The decisions that the Protocol guides businesses toward cover a vast range of potential opportunities, both internal and external to a given business. For instance, Nespresso used the Protocol to explore the costs of externalities associated with coffee production, and Natura applied the Protocol to measure the benefits that their choice of sustainable ingredients had when compared to a business-as-usual scenario. In this way, the Protocol can be used to communicate positive results, as well as to identify opportunities and overcome challenges. The decisions that this information will influence will vary widely from business to business, and rely on a host of context-specific factors, such as size, industry, geography, and organizational goals.
Insights and applications of the Protocol from businesses that have piloted the draft version have been compiled into a report by the Cambridge Institute for Sustainability Leadership (CISL), on behalf of the Natural Capital Coalition.

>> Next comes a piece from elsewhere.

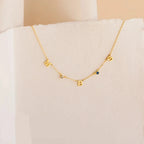 Collier délicat personnalisé avec initiale et pierre de naissance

While these insights point to promising conclusions, the true success of the Protocol will be determined by the number of businesses that adopt it, and share the benefits and challenges that it has highlighted in their organizations. Initial signs are encouraging—the Protocol has been downloaded more than 2,800 times by a hugely diverse range of organizations since its launch in July.
The Protocol provides businesses with a one-stop shop to natural capital approaches by harmonizing the numerous valuation, assessment, and modelling tools that are already available on the market. It then guides organizations toward the tools that they need in order to generate trusted, credible, and actionable information around their relationships with the natural world.

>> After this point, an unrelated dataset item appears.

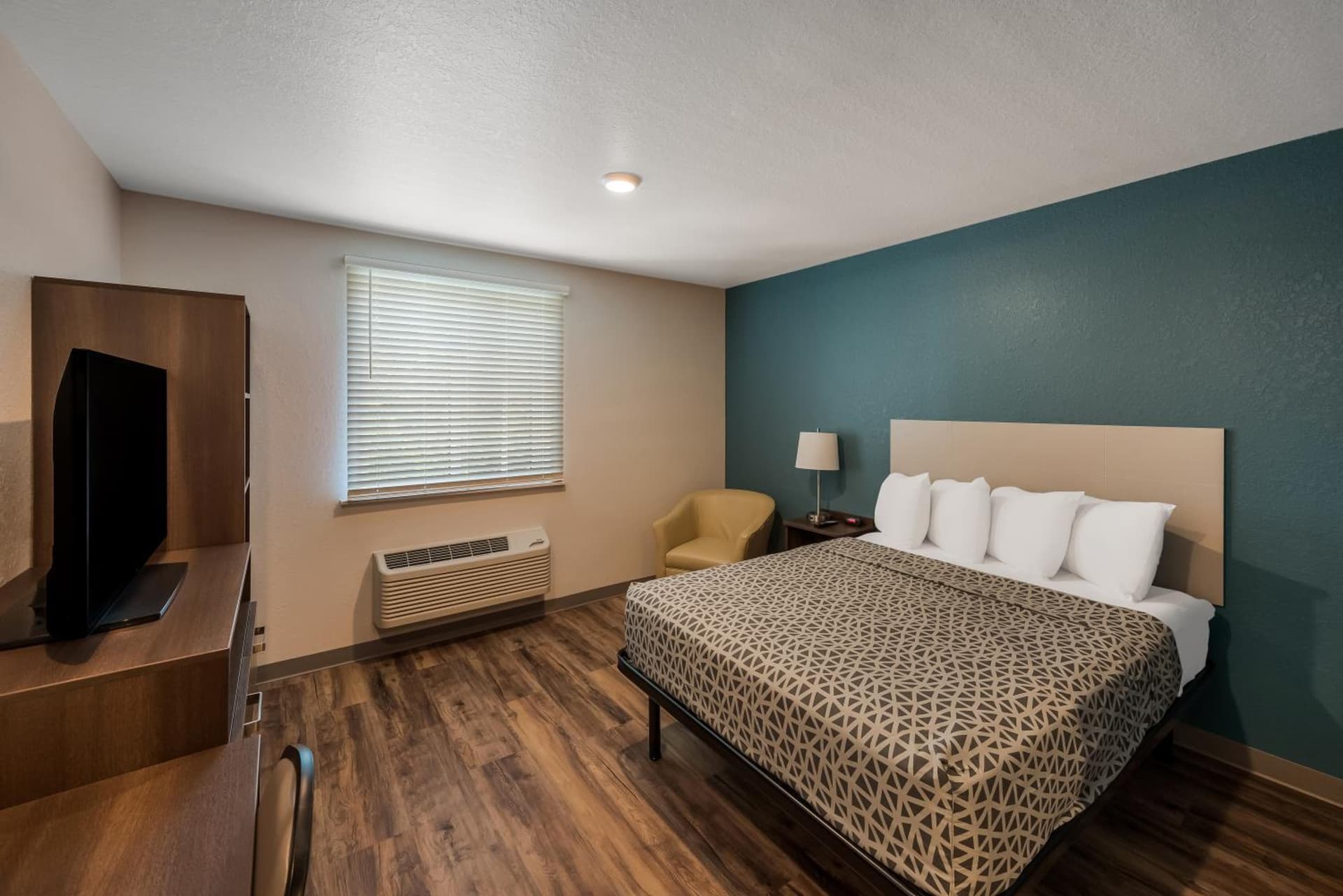 WoodSpring Suites West Palm Beach gallery photo in West Palm Beach, FL — image 23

Although the Protocol simplifies this complex and often bewildering market, businesses that have little experience in carrying out these types of projects may require additional assistance in applying the Protocol, setting the right goals, or communicating potential benefits within their organizations. With this in mind, the Coalition has launched a Protocol Application Program, which will be delivered by the CISL. The aim of the Program is to build an effective, cooperative group of businesses that use the Protocol, and provide feedback and guidance on content, application, and best practice.
The Coalition will additionally be directing businesses that wish to apply the Protocol toward trainers and technical advisors who are part of the Coalition, and well placed to provide support, with many contributing to the Protocol’s development process.
As part of this drive, the Coalition has also partnered with the World Business Council on Sustainable Development to develop a Natural Capital Protocol Toolkit. The Toolkit will grow as an interactive database of relevant methodologies, tools, and approaches that can help a user to carry out a natural capital assessment, mapped against the Protocol framework. The project will build on existing efforts, such as those by Eco4Biz, Taking Stock, and BSR’s Making the Invisible Visible.
The Protocol marks a significant step toward including natural capital in global businesses’ decision making, and we’re excited to see how the space develops in the coming months and years, and thrilled to be in the middle of such an exciting movement.